Sending Metrics to AMS (POST)
Sending metrics to Ambari Metrics Service can be achieved through the following API call.
The Sink implementations responsible for sending metrics to AMS, buffer data for 1 minute before sending. TimelineMetricCache provides a simple cache implementation to achieve this behavior.

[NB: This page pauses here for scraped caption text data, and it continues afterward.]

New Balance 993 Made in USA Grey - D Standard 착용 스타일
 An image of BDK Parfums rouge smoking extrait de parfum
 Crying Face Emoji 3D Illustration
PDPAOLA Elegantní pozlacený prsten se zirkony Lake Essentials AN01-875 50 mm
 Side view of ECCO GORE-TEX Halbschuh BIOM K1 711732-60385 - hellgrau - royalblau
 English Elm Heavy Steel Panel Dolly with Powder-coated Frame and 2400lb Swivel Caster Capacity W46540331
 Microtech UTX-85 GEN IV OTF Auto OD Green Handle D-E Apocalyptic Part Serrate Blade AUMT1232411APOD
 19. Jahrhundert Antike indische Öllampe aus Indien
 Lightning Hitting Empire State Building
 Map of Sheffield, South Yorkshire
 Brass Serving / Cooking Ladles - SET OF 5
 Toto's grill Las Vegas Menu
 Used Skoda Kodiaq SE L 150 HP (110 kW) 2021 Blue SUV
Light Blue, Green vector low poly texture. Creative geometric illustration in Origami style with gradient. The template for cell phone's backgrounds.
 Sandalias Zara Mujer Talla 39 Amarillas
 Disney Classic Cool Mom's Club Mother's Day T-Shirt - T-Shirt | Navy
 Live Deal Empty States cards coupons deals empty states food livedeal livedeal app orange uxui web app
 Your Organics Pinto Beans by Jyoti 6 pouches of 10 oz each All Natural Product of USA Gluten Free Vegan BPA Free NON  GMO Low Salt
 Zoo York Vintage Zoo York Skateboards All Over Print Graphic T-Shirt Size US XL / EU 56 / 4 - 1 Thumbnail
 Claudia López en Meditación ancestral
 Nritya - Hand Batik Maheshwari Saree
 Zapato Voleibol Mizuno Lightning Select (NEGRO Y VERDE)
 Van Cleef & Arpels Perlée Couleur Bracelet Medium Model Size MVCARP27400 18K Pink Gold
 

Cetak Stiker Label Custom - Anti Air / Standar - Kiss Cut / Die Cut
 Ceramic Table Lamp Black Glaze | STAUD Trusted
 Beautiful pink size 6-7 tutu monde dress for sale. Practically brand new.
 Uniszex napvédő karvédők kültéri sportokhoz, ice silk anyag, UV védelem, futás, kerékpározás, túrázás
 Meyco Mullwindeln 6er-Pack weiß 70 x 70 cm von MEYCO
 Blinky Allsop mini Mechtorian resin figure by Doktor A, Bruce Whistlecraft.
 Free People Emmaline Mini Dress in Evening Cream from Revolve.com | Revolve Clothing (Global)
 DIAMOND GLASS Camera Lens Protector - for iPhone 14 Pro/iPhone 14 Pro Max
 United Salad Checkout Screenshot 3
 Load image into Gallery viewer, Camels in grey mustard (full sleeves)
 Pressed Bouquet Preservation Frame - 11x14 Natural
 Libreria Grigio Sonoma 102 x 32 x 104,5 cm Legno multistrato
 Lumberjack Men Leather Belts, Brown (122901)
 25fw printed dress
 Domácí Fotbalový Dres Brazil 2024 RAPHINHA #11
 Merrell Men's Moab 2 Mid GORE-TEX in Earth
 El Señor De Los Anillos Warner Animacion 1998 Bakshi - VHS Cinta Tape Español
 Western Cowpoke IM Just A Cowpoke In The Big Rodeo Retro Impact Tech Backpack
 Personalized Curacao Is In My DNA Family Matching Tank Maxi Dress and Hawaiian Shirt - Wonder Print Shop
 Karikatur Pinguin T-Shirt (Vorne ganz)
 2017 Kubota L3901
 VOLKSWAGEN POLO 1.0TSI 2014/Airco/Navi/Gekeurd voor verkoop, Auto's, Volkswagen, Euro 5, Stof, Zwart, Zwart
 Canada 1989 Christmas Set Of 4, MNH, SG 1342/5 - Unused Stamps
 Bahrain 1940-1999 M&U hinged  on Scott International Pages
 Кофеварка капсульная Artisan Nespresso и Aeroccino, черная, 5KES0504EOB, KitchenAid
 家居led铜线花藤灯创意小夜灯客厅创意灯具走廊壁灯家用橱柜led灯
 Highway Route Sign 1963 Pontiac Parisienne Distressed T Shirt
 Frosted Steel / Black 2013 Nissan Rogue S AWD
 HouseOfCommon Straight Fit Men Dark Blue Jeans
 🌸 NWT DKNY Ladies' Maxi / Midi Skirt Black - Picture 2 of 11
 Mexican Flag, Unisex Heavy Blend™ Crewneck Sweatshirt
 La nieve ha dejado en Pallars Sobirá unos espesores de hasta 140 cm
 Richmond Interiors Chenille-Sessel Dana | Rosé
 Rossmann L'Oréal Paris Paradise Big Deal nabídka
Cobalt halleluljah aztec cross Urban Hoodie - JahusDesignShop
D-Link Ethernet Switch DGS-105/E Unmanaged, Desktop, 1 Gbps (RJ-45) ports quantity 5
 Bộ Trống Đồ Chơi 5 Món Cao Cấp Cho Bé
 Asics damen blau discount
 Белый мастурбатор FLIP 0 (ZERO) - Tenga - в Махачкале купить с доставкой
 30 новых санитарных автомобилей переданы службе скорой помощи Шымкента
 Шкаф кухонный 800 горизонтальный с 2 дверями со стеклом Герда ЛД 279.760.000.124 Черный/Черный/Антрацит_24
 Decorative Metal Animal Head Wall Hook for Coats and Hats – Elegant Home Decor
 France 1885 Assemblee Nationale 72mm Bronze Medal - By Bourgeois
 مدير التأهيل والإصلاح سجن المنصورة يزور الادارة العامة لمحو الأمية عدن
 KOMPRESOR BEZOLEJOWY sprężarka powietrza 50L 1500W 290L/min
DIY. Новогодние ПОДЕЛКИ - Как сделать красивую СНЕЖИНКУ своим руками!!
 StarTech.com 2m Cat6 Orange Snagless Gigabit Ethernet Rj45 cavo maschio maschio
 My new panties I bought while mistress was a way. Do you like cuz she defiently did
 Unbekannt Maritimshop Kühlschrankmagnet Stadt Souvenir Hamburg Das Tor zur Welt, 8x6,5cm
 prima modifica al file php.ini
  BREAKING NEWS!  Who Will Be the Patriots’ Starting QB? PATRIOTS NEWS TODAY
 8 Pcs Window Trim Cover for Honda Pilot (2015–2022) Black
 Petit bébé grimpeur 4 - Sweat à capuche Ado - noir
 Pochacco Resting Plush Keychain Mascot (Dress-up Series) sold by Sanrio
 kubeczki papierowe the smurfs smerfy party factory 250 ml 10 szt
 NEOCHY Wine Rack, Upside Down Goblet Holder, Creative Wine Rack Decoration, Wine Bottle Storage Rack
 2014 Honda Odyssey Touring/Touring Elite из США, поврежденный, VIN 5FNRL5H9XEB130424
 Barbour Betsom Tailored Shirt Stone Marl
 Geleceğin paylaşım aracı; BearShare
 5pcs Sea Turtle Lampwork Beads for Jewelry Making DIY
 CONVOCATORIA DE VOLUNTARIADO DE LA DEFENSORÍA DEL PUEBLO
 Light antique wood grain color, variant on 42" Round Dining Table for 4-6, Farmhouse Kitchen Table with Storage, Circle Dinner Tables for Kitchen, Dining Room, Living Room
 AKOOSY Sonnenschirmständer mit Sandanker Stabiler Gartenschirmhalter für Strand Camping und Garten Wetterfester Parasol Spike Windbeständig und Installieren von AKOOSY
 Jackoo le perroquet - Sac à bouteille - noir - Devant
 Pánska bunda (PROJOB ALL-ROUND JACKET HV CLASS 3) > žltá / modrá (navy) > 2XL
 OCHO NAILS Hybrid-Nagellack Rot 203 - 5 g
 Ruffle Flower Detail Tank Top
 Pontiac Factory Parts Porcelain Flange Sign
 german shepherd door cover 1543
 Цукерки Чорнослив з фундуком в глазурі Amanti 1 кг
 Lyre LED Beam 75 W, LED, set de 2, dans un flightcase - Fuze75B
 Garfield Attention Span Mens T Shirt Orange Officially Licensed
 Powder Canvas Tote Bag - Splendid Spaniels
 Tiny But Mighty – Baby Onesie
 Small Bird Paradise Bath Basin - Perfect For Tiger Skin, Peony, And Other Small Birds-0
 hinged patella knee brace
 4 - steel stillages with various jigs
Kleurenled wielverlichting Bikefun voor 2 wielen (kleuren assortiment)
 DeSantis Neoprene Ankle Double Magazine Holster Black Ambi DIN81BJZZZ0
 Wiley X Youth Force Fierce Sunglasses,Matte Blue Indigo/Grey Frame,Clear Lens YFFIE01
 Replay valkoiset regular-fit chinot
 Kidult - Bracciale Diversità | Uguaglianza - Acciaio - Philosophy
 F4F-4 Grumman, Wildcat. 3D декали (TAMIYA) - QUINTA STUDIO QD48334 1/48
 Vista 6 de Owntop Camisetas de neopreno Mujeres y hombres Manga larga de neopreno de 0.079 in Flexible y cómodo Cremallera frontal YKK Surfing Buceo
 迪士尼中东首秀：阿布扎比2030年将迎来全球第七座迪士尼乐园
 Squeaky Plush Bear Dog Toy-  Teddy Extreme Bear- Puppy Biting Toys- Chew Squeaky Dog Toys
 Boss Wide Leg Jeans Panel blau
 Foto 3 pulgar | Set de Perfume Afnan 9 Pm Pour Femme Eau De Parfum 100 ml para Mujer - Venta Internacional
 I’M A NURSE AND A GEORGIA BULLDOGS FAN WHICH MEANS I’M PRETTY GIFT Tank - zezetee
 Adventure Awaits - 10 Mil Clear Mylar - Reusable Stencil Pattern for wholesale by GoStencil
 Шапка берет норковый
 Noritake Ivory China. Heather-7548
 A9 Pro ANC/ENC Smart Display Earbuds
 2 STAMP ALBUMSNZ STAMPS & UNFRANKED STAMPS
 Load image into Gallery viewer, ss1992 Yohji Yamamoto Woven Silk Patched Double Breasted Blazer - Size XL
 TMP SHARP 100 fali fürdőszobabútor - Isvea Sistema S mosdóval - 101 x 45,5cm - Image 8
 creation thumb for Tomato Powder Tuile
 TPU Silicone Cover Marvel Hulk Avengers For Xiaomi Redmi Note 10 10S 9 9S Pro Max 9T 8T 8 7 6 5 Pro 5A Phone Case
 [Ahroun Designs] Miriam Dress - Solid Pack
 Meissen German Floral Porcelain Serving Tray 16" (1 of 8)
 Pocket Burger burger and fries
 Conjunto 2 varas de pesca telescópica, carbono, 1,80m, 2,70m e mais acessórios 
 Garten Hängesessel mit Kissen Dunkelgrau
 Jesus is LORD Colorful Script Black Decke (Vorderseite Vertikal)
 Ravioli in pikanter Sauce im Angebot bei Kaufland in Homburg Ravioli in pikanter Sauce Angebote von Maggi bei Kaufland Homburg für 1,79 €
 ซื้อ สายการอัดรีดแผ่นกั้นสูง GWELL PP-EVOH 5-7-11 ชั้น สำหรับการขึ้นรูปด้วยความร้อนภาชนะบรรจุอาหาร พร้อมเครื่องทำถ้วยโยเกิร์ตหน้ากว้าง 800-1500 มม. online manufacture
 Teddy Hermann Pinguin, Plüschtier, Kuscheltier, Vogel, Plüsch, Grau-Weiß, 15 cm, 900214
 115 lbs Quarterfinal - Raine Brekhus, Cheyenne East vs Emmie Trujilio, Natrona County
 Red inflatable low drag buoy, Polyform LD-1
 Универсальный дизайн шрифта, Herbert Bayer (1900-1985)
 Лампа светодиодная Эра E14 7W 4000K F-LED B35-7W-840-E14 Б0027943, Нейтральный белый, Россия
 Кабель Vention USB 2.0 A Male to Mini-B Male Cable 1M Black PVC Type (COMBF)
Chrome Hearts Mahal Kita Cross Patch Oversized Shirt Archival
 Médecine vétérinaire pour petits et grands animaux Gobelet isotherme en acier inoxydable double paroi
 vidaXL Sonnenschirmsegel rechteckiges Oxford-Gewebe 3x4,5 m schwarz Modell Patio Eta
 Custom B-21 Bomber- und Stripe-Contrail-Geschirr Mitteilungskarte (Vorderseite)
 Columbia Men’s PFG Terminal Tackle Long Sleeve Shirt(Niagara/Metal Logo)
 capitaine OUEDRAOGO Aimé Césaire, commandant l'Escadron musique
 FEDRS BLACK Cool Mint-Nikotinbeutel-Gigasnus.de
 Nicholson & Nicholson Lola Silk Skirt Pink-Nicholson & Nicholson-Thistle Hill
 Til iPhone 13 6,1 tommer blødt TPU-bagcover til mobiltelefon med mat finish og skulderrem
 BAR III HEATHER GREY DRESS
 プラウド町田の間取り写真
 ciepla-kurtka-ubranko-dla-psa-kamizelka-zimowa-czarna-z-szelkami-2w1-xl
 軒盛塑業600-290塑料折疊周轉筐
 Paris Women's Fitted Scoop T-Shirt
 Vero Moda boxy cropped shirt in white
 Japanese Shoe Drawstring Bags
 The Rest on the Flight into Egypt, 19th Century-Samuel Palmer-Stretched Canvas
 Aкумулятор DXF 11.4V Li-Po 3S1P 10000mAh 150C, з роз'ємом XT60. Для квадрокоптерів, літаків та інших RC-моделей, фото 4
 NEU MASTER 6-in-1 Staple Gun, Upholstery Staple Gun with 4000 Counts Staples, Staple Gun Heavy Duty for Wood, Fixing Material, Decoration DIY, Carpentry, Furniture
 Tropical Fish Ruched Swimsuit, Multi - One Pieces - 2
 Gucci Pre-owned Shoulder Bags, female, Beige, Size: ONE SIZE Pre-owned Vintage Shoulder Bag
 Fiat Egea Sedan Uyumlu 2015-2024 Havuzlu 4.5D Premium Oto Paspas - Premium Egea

Sample sink implementation use by Hadoop daemons: https://github.com/apache/ambari/tree/trunk/ambari-metrics/ambari-metrics-hadoop-sink
POST http://<ambari-metrics-collector>:6188/ws/v1/timeline/metrics
{ "metrics": [ { "metricname": "AMBARI_METRICS.SmokeTest.FakeMetric", "appid": "amssmoketestfake", "hostname": "ambari20-5.c.pramod-thangali.internal", "timestamp": 1432075898000, "starttime": 1432075898000, "metrics": { "1432075898000": 0.963781711428, "1432075899000": 1432075898000 } } ] } |
Connecting (POST) to <ambari-metrics-collector>:6188/ws/v1/timeline/metrics/ Http response: 200 OK
Fetching Metrics from AMS (GET)
Sample call
GET http://<ambari-metrics-collector>:6188/ws/v1/timeline/metrics?metricNames=AMBARI_METRICS.SmokeTest.FakeMetric&appId=amssmoketestfake&hostname=<hostname>&precision=seconds&startTime=1432075838000&endTime=1432075959000
Http response: 200 OK
Http data:
{ "metrics": [ { "timestamp": 1432075898089, "metricname": "AMBARI_METRICS.SmokeTest.FakeMetric", "appid": "amssmoketestfake", "hostname": "ambari20-5.c.pramod-thangali.internal", "starttime": 1432075898000, "metrics": { "1432075898000": 0.963781711428, "1432075899000": 1432075898000 } } ] } |
Generic GET call format
http://<AMS_HOST>:6188/ws/v1/timeline/metrics?metricNames=<>&hostname=<>&appId=<>&startTime=<>&endTime=<>&precision=<>
Query Parameters Explanation
Parameter | Optional/Mandatory | Explanation | Values it can take |
---|---|---|---|
metricNames | Mandatory | Comma separated list of metrics that are required. | disk_free,mem_free... etc |
appId | Mandatory | The AppId that corresponds to the metricNames that were requested. Currently, only 1 AppId is required and allowed. | HOST/namenode/datanode/nimbus/hbase/kafka_broker/FLUME_HANDLER etc |
hostname | Optional | Comma separated list of hostnames. When no specified, cluster aggregates are returned. | h1,h2..etc |
startTime, endTime | Optional | Start and End time values. If not specified, the last data point of the metric is returned. | epoch times in seconds or milliseconds |
precision | Optional | What precision the data needs to be returned. If not specified, the precision is calculated based on the time range requested (Table below) | SECONDS/MINUTES/DAYS/HOURS |
Precision query parameter (Default resolution)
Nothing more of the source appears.